* Aim of the exercise:
Images don't belong in the copy. Output the rest of the data exactly.

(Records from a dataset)
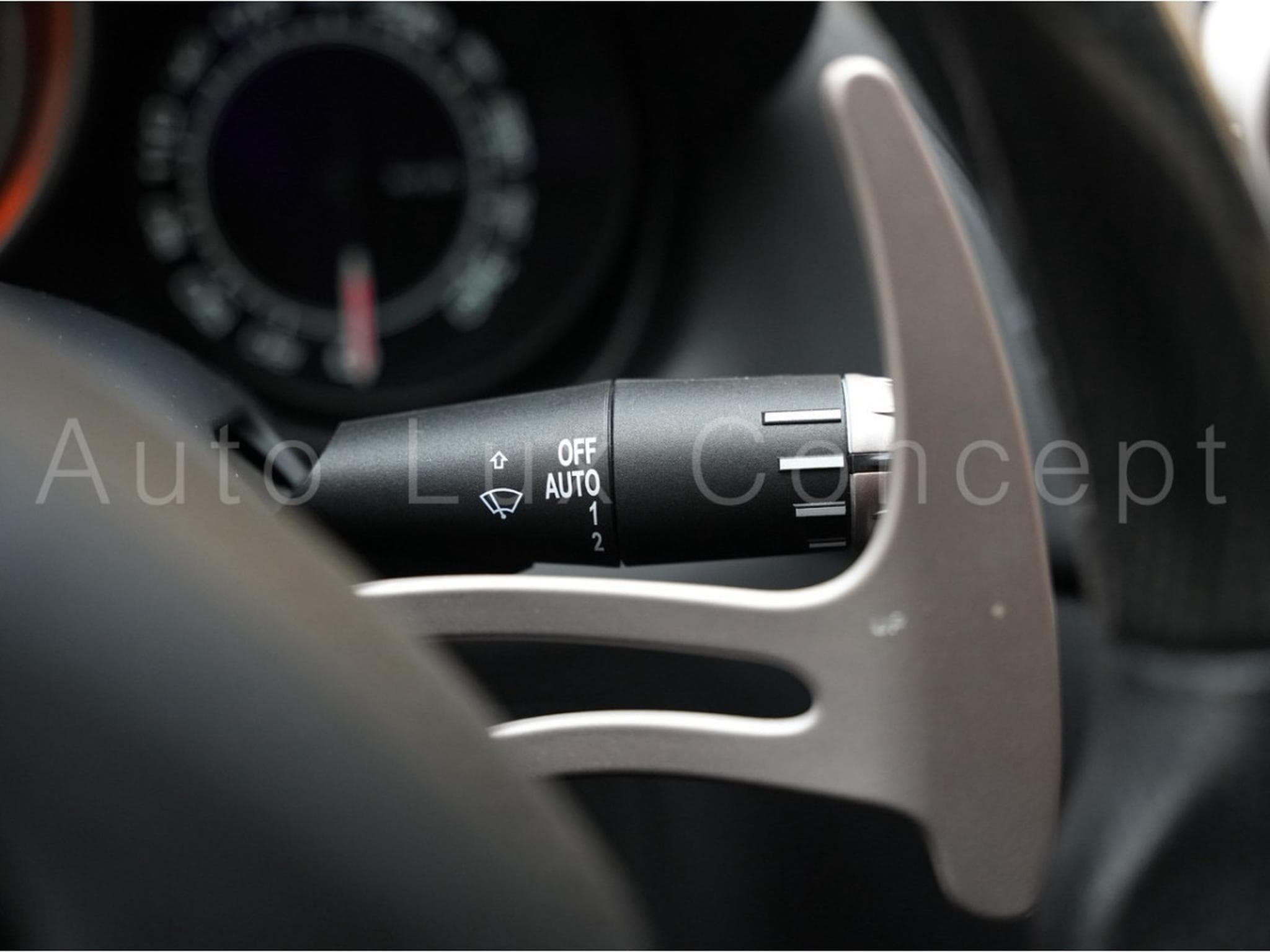 Ferrari California Grigio Opaco + Full PPF (2011) - Photo 29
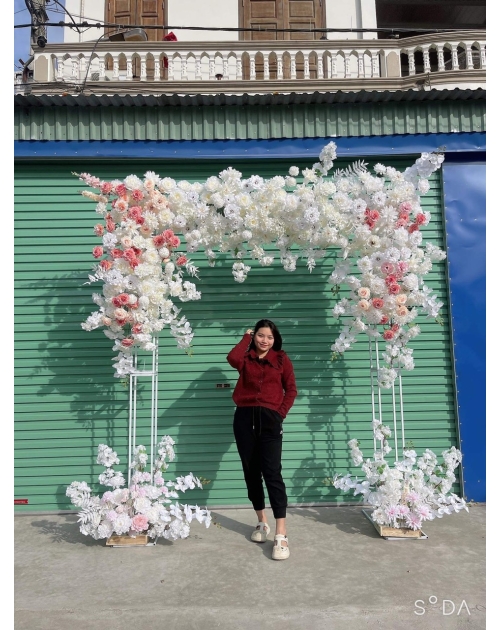 Gia tiên Thủ Đức, Bình Dương 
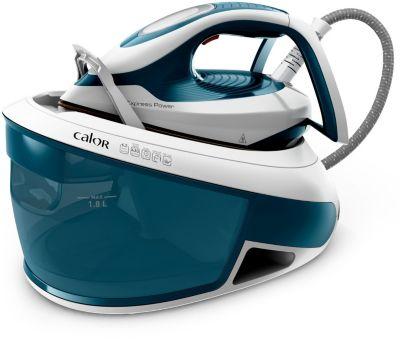CALOR SV8111C0 Express Power Steam Generator Iron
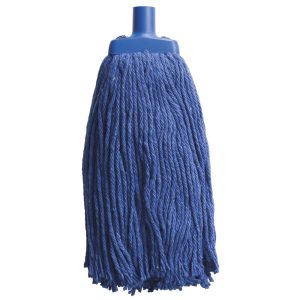 Oates Mop Head Blue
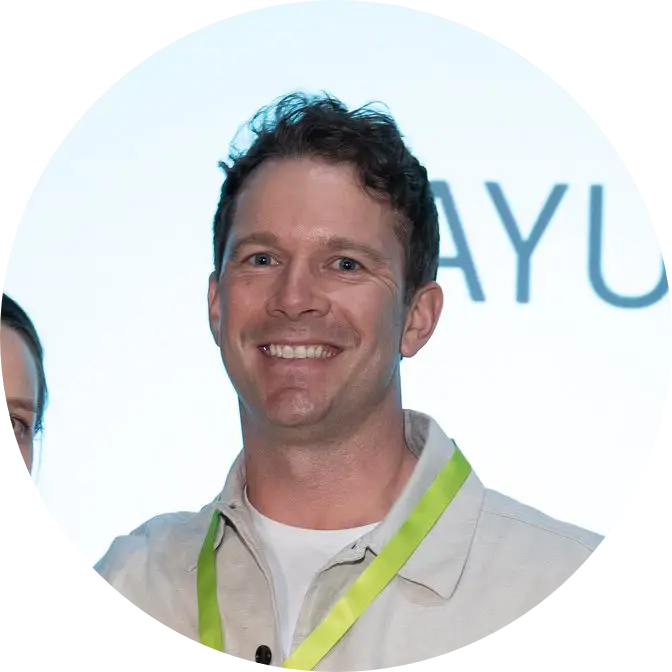 Graham van Ayurvediq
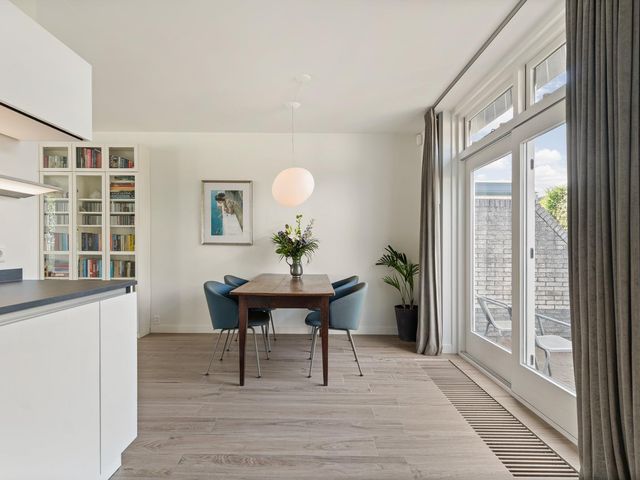 IJsvogel 11, Sliedrecht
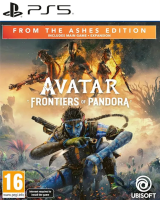 Avatar: Frontiers of Pandora - From the Ashes Edition[PLAYSTATION 5]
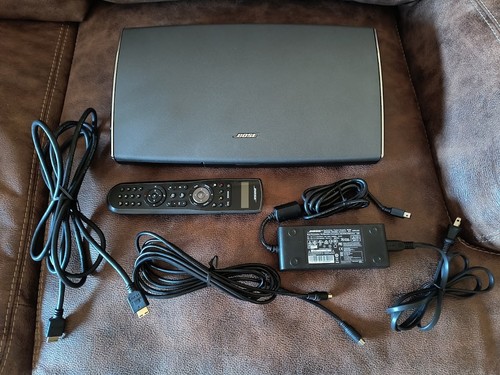 Bose lifestyle av35 control - bose,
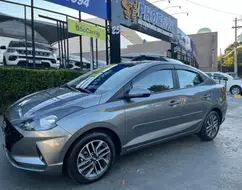 HYUNDAI HB20S 1.0 TGDI FLEX PLATINUM MANUAL HYUNDAI HB20S 1.0 TGDI FLEX PLATINUM MANUAL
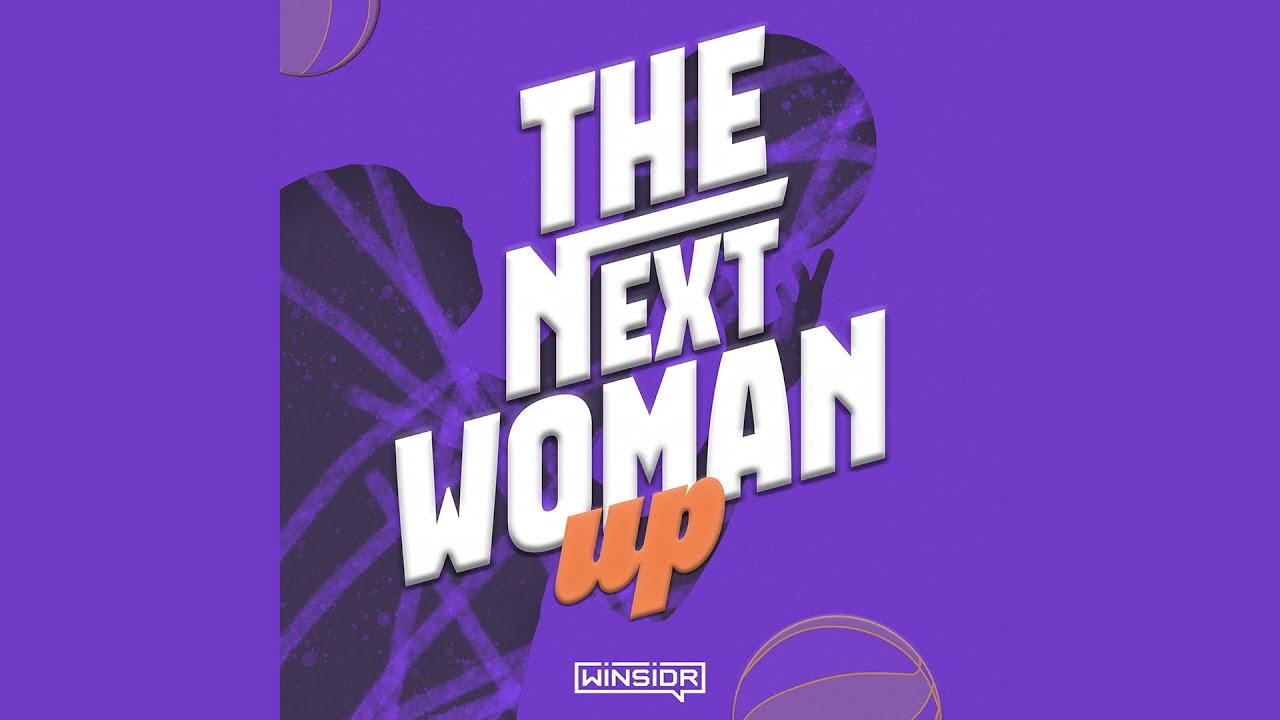 The Next Woman Up: Episode 4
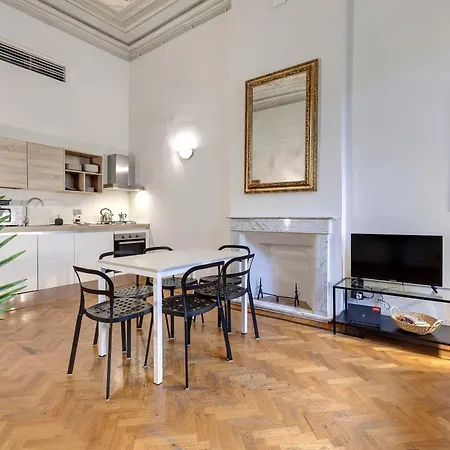 Appartement Servi By Mamo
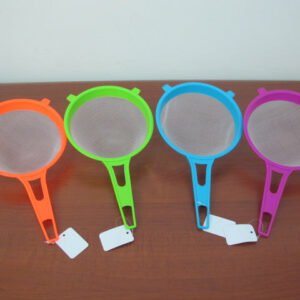 Plastic Mesh Strainer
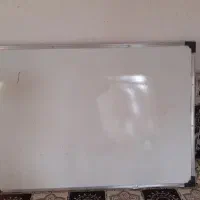 تخته وایت برد مغناطیسی|لوازم التحریر|رضوانشهر, |دیوار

* Task answer:
 Ferrari California Grigio Opaco + Full PPF (2011) - Photo 29
 Gia tiên Thủ Đức, Bình Dương 
CALOR SV8111C0 Express Power Steam Generator Iron
 Oates Mop Head Blue
 Graham van Ayurvediq
 IJsvogel 11, Sliedrecht
 Avatar: Frontiers of Pandora - From the Ashes Edition[PLAYSTATION 5]
 Bose lifestyle av35 control - bose,
 HYUNDAI HB20S 1.0 TGDI FLEX PLATINUM MANUAL HYUNDAI HB20S 1.0 TGDI FLEX PLATINUM MANUAL
 The Next Woman Up: Episode 4
 Appartement Servi By Mamo
 Plastic Mesh Strainer
 تخته وایت برد مغناطیسی|لوازم التحریر|رضوانشهر, |دیوار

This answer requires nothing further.